In addition to their active dislike of the President, certain individuals strongly believe that both the formulation and implementation of foreign policy should be carried out solely by a “professional elite” and since they are the “professional elite,” they tend to seriously resent the role of the President and his principal personal advisors in the formulation of foreign policy. While this is obviously an attitude which can, at least to a degree, be expected among a group of professional practitioners, it becomes particularly difficult to manage when their personal loyalties lie in the direction of other administrations. What I [Page 708] am attempting to say is that the professional Foreign Service tends to be directed too much toward the carrying out of its own concept of “valid” foreign policy objectives and protecting its own vested interests rather than devoting its energies to implementing in a professional manner foreign policy objectives formulated by the President.

There is, in my opinion, a lack of responsiveness to the wishes of the President and a continuing effort on the part of some to delay and indeed to alter, however subtly, the directives and instructions of the White House. This negative attitude toward the President and his policy becomes more fully understandable if one considers actual examples of those who are in positions of authority. A number of the Assistant Secretaries of the Department of State have no particular political ties of any kind, however, the fact that they have reached their positions of prestige and status in the Foreign Service hierarchy under former Administrations tends to make them have a sense of nostalgic regard for these former Presidents and other officials which undoubtedly affects their general attitude.

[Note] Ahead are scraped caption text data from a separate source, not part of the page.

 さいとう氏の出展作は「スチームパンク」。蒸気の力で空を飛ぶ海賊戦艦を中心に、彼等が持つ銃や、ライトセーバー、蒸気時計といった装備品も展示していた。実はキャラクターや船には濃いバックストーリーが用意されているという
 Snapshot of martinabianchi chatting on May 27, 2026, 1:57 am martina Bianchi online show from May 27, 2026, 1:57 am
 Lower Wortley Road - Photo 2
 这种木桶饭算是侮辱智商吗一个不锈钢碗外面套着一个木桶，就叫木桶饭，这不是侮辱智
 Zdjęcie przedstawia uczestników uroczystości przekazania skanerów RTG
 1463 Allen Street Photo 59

They feel that they have reached their present positions as Assistant Secretaries not as a result of the personal recognition of their abilities by President Nixon but merely as a deserved move up the ladder of the “system.” Since they constitute the “system” they obviously do not feel a degree of personal loyalty to the President, which in my opinion, would be highly desirable.

There is a tendency on the part of many members of the department to tend to personalize their loyalties and obligations to former Presidents, Secretaries of State and ranking officials of the Foreign Service who have been identified over the past years with their successful rise within the “system” which they represent rather than be responsive to the present President.

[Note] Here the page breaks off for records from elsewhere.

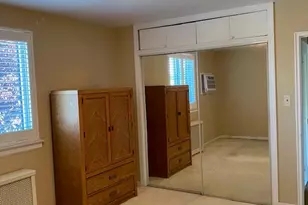264-17 73rd Ave, Glen Oaks, NY 11004 - Photo 13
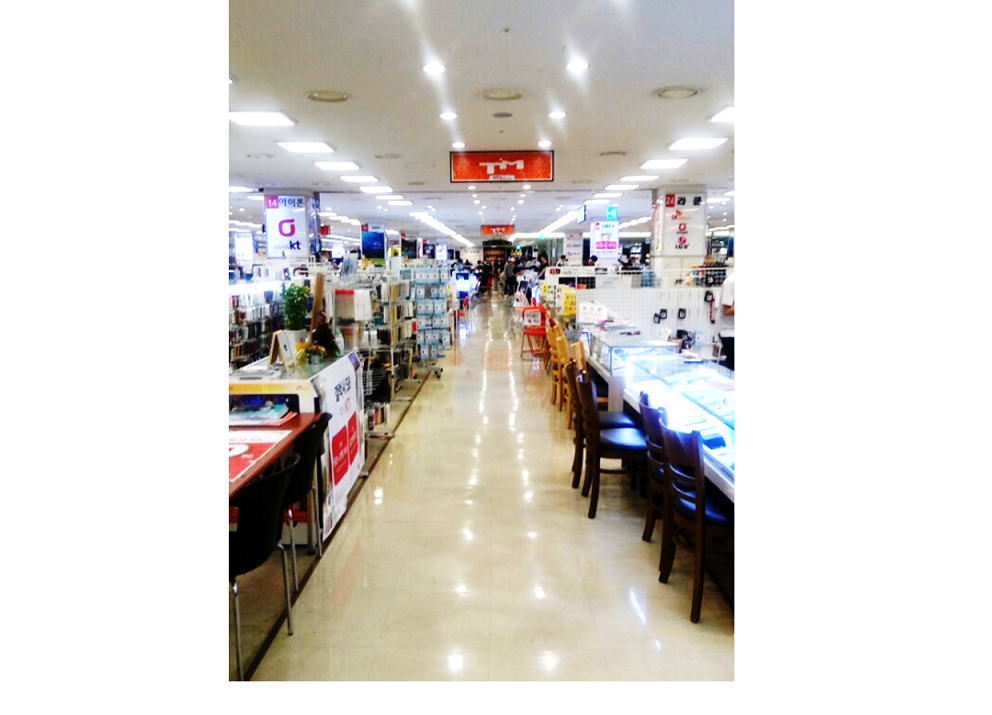 △ 신도림 테크노마트 9층에 자리한 이동통신 집단 상가. 보조금 대란 때와 사뭇 상반된 매장 분위기다. /김승한 기자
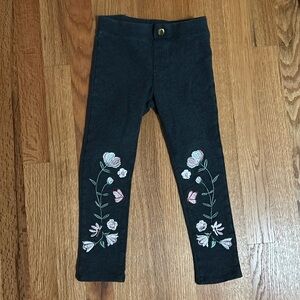 H&M Girls Charcoal Grey Floral Leggings- size 4-5Y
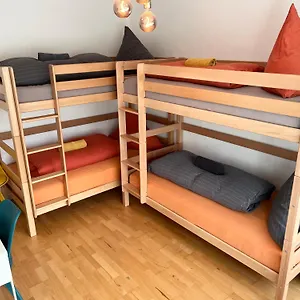 Privatunterkunft Gemütliches / Garten / In Geteilten Haus / Nahe Zentrum, München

One of the principal criticisms of the Department of State including the Foreign Service, is that it suffers from a lack of originality and tends to be timid. This is undoubtedly due to the fact that the “system” rewards conformity and hesitates to accept those who have the courage to break new ground. While it is obvious that decision making must be approached with caution, the result of the “institutionalized” pressures of the “system” goes beyond caution and results in a Department which is too often lacking in courage and forcefulness.

Like all elite groups, the Foreign Service is in-bred and possesses a built-in opposition to those who do not belong to “the group.” It should be noted that lateral entrants to the Foreign Service are viewed with a considerable degree of nonacceptance whereas the infusion of individuals with new ideas, approaches and attitudes would undoubtedly contribute greatly to an increased flexibility and improved vitality of the entire Foreign Service.

More important perhaps than even the Assistant Secretaries themselves are their Deputies and Country Directors who carry out the day-to-day [Page 709] functions of the Department and who are privy to the highly sensitive information which flows into the Department of State. Some examples of these Deputy Assistant Secretaries might be useful to illustrate some of the problems of the Department. One Deputy Assistant Secretary was personally sponsored by a former well known official whose approaches to foreign policy are extremely inconsistent with those of President Nixon. Another Deputy Assistant Secretary was for years, in effect, the “hatchet man” for a high ranking departmental official who is an avowed adversary of the President. In the ambassadorial category, a present Chief of Mission to a sensitive East European post is a former departmental official, said to be an avowed liberal Democrat and very closely associated with one of the Department’s former officials who openly and publicly opposed President Nixon. Another Ambassador, recently appointed to a key Near Eastern country was a well known protege and confidante of members of a former President’s immediate staff. Another Ambassador, who has remained on in the Far East, was also closely allied with the same Administration and rose rapidly from a Public Affairs Officer of the U.S. Information Agency to Deputy Assistant Secretary of State to Deputy Chief of Mission and then to Ambassador.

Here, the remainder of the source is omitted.